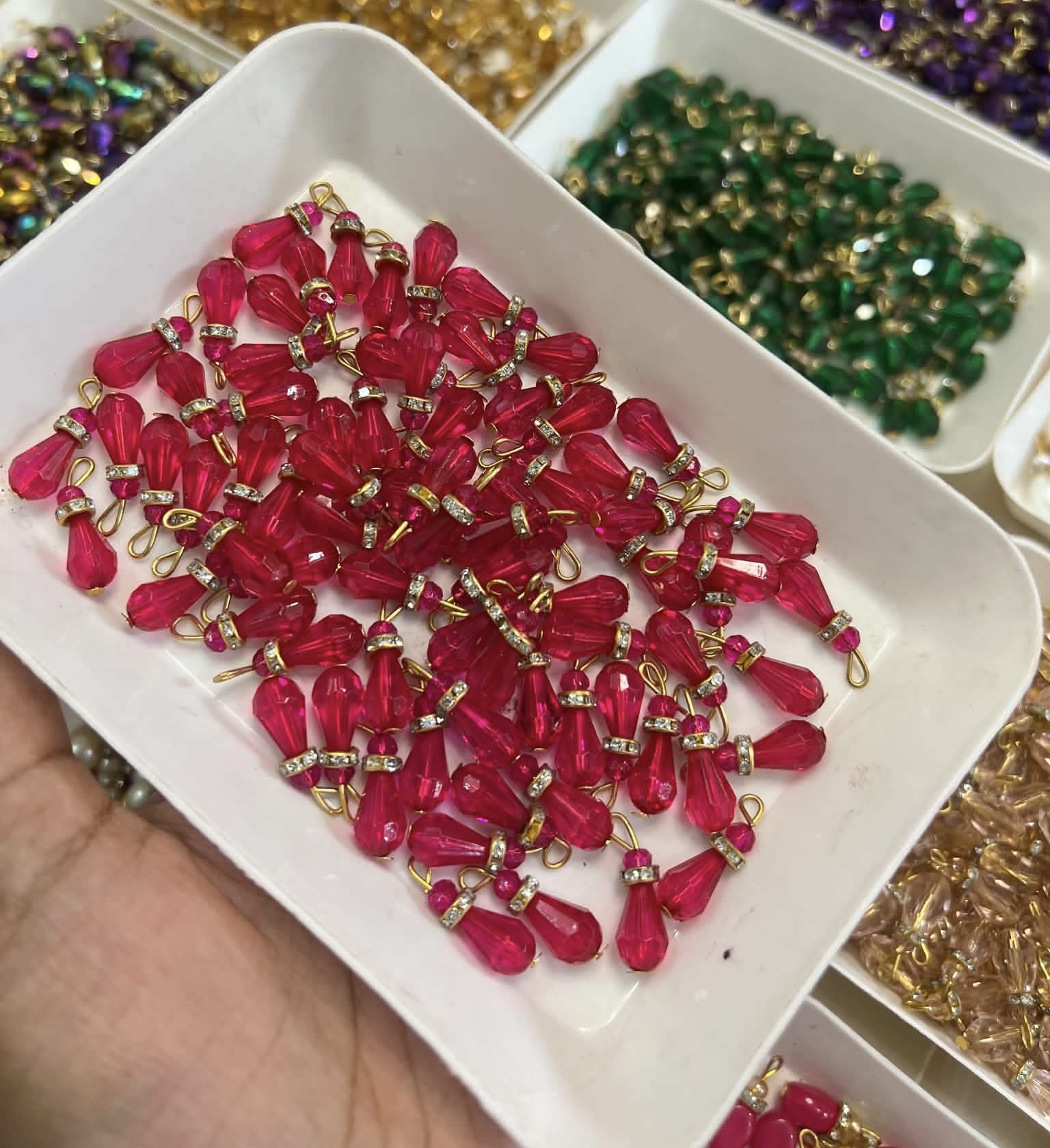 Crystal Tarsel Megenda 10 pcs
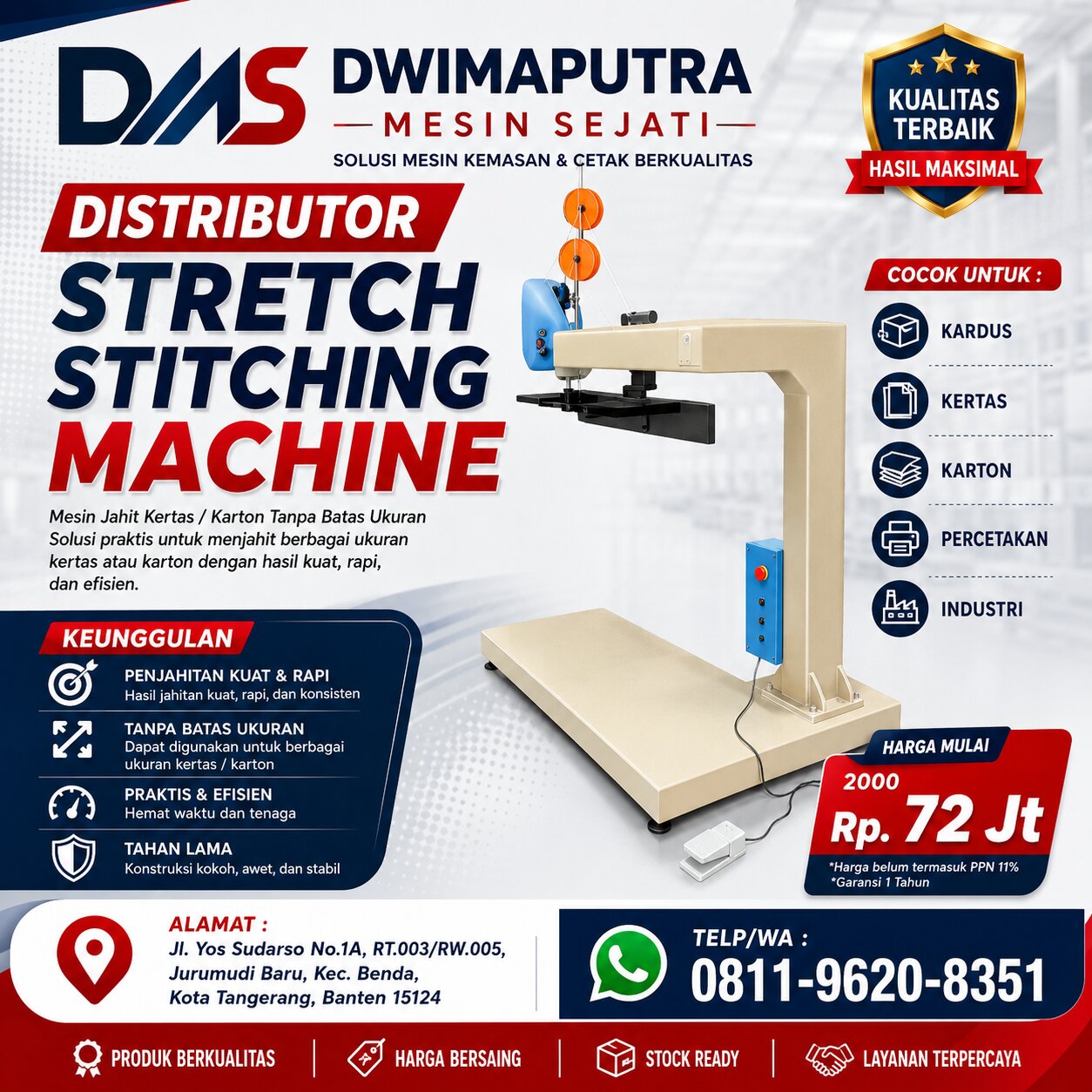 Distributor Stretch Stitching Machine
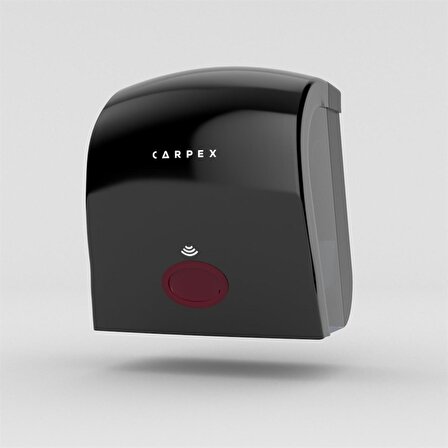 Otomatik Sensörlü Kağıt Havlu Makinesi Siyah - Havlu Dispenseri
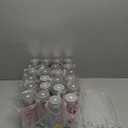 Baderke 24 Pcs Hawaiian Plastic Cups with Lids and Straws 13.5 oz Tropical Luau Clear Drinking Cup for Whiskey Soda Tea Juice Smoothies Coffee Milk Beach Birthday Party Supplies (Hawaiian)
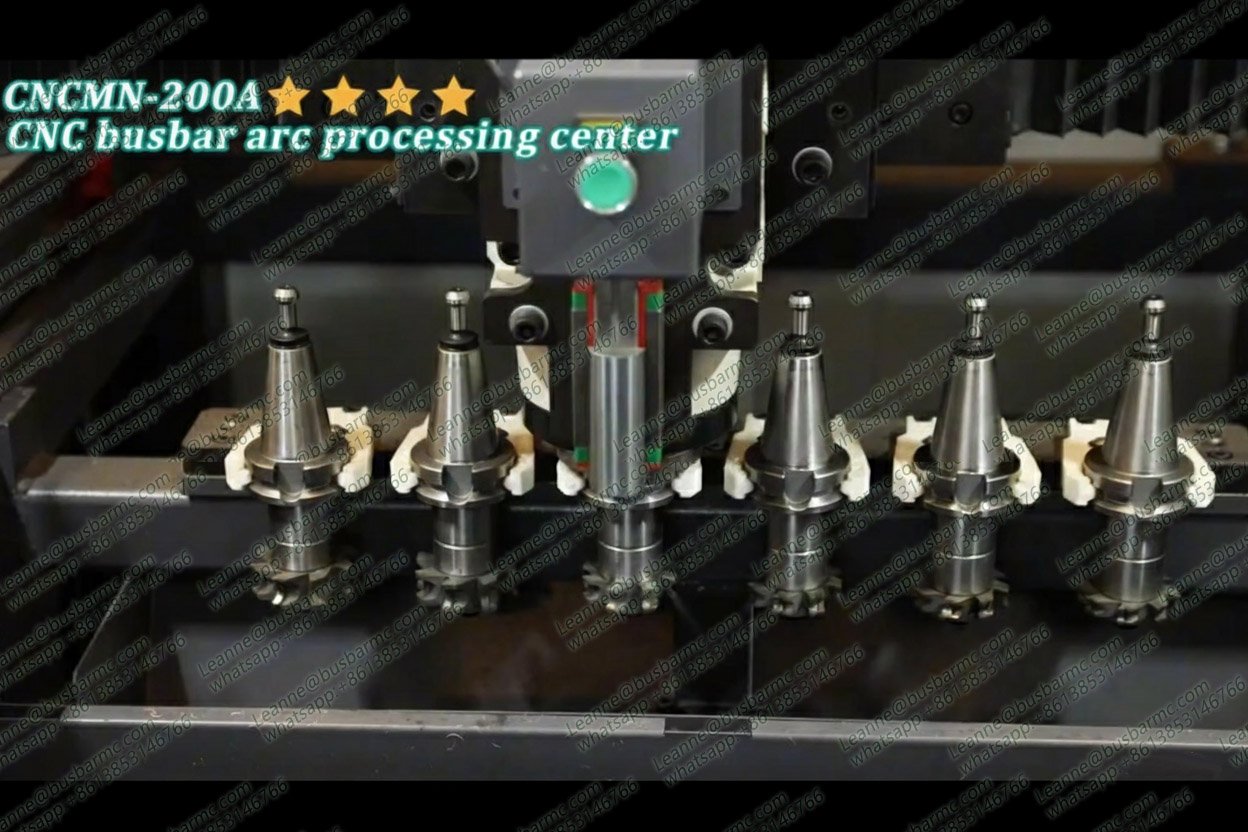 CNC busbar chamfering machine for copper patti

──────

▸ YOUR GOAL:
Copy the final stretch of lines, starting at the one that holds "Baderke 24 Pcs" and ending at the last line of the data, exactly; omit pictures.

▸ ANSWER TO THIS TASK:
 Baderke 24 Pcs Hawaiian Plastic Cups with Lids and Straws 13.5 oz Tropical Luau Clear Drinking Cup for Whiskey Soda Tea Juice Smoothies Coffee Milk Beach Birthday Party Supplies (Hawaiian)
 CNC busbar chamfering machine for copper patti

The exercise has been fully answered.